Comment Re:Safe for a while (Score 2) 294

looking back I think I would have missed out on a lot of social interaction that was probably really important.

And that's true. Putting it in more stark terms, a lot of higher education is really just a lifestyle for 19 year olds. That's not a bad thing, hell, I've lived that life far longer than one human should.

But colleges make this lifestyle absurdly expensive, when all you really need to do is set aside a neighborhood for 19 year olds.

Comment Re:It's the market (Score 1) 348

do you know how much more expensive prepaid is?

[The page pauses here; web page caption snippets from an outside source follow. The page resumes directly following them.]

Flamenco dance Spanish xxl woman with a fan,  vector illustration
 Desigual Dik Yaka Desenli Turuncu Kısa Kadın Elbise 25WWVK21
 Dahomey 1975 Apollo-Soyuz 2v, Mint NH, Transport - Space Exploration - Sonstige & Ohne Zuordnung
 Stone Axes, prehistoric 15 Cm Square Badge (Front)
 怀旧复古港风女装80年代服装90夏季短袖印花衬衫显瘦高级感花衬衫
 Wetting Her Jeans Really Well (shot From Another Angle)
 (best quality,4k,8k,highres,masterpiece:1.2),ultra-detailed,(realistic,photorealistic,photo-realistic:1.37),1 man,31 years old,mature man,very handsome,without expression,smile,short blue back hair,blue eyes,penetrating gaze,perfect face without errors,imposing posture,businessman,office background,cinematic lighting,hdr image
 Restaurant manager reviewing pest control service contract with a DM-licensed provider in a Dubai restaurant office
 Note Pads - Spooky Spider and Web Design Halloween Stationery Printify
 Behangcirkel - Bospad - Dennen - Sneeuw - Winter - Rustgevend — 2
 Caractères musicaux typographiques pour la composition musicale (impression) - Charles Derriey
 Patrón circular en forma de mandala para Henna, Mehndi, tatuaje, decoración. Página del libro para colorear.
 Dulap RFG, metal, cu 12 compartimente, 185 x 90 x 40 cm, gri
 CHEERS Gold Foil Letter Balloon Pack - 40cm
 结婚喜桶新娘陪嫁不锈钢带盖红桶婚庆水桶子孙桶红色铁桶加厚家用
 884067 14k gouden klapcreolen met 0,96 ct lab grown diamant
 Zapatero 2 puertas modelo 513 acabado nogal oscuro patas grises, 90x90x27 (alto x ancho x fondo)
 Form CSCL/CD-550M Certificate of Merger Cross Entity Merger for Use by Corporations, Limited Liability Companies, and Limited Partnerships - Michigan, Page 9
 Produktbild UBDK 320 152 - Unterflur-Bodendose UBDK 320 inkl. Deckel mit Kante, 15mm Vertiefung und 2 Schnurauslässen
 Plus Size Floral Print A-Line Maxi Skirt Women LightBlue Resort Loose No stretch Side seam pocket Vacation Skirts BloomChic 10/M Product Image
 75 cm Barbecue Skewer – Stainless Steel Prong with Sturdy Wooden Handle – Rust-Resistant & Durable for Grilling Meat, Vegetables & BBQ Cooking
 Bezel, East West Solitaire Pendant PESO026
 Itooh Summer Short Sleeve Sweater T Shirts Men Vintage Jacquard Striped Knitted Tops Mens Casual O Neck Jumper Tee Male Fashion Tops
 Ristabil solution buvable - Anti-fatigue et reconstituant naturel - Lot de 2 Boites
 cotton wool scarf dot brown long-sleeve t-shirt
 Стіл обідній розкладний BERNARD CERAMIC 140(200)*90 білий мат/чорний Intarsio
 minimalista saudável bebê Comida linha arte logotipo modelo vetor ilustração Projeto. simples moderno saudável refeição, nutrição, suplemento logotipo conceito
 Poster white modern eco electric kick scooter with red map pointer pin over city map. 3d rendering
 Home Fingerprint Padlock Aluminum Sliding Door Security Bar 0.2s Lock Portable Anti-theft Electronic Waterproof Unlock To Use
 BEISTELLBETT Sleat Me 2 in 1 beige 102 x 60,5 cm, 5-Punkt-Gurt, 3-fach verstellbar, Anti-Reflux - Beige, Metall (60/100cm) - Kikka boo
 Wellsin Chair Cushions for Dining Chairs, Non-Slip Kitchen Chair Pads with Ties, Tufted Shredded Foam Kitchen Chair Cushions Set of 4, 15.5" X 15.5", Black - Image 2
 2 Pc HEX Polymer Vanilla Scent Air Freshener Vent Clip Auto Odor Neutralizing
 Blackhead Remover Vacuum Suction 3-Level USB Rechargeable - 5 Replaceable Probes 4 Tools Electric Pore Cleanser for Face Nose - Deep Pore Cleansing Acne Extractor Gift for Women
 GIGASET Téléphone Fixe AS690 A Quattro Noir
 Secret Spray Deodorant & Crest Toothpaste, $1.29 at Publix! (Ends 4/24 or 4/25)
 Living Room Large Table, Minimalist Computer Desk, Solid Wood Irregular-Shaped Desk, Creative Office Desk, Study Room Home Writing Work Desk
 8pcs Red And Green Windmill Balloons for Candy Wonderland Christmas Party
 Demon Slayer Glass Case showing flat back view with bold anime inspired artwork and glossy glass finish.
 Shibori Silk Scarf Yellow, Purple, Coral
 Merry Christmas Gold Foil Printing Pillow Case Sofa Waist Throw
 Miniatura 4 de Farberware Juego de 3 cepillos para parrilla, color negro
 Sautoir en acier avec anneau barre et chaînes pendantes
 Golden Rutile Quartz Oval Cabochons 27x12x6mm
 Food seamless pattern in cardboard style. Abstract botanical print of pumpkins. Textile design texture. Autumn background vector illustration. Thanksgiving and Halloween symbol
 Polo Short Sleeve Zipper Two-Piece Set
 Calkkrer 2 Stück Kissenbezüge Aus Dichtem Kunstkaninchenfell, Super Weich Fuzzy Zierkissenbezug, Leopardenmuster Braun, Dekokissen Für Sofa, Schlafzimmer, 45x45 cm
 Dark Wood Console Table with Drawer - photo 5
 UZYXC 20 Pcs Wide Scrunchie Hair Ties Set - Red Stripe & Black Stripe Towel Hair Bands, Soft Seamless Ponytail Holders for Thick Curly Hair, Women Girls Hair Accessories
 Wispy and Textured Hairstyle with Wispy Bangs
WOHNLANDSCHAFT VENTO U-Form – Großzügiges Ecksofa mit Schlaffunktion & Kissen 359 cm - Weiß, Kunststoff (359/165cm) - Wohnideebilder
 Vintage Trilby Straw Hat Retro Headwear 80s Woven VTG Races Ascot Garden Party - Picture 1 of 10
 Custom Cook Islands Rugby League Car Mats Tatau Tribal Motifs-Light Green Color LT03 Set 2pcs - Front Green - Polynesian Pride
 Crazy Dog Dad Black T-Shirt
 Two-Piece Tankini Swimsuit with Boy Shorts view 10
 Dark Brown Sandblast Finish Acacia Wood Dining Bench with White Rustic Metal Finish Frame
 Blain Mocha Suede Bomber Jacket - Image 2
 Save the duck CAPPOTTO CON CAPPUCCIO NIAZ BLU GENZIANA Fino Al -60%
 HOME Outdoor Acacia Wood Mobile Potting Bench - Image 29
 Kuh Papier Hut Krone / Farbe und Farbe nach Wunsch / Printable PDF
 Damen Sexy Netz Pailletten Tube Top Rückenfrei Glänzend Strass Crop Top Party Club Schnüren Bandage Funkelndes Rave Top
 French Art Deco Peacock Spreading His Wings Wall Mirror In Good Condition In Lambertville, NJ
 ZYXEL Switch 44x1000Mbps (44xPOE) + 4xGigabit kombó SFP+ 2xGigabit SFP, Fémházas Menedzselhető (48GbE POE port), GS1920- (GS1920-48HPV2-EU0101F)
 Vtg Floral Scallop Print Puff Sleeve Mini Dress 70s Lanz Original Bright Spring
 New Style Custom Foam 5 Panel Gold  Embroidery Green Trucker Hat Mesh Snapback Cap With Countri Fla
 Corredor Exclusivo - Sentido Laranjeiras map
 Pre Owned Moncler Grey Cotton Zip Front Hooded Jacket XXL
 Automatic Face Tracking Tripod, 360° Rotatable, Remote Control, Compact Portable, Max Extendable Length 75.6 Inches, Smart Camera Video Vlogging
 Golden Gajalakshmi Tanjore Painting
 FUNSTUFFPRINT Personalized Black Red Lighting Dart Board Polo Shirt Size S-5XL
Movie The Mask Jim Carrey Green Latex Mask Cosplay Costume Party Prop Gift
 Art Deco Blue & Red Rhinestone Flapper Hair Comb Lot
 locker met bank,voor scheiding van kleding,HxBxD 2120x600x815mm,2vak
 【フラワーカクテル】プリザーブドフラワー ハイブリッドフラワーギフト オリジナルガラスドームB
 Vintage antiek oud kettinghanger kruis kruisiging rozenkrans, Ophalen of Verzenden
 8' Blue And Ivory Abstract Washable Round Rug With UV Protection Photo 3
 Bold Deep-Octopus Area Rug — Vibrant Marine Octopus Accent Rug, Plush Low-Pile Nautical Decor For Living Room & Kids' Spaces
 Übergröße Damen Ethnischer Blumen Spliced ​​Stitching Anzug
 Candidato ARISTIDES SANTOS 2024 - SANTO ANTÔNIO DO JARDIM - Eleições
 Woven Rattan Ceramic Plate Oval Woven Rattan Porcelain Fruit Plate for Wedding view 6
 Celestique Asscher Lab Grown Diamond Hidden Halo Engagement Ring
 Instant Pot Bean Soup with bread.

I do. I pay $38/month for unlimited texting and calling. I use H20 wireless which piggybacks on the AT&T network. In fact, you don't even have to unlock your phone to use it it it were already and ATT phone. Just stick the H20 sim card in (which I did on my iPhone.)

That's basically half the cost I was paying when I had ATT. I couldn't be happier.

Comment Re:I don't have fingerprints. (Score 2) 159

The USA actually doesn't. They only require a biometric passport, and facial recognition is sufficient for that. Ireland, the UK, Australia, NZ, and a few others are in visa waiver and don't collect fingerprints for passport issuance.

The fingerprint requirement is an EU requirement, and Ireland/UK used an opt-out.

Comment Re:Hi, it's 2011 (Score 1) 349

I've never seen an European car with automatic beat a manual on the mileage.

2011 BMW 535i

Manual: 19 city, 28 highway, 22 combined
Automatic: 20 city, 30 highway, 24 combined (fueleconomy.org)

High end cars are the easiest examples, since they are getting the more advanced automatic transmissions. Autos can have 7 or 8 gears, which mean you can have a couple of really high gears for great fuel economy, whereas manuals are stuck with six gears max.

Comment Re:Hi, it's 2011 (Score 1) 349

Manual transmissions save money on the initial purchase price and long term maintenance.

They can but not always. Some automakers build outstanding automatics that are bulletproof and maintenance free (other than fluid changes), whereas their manuals, like all manuals, need their clutches replaced.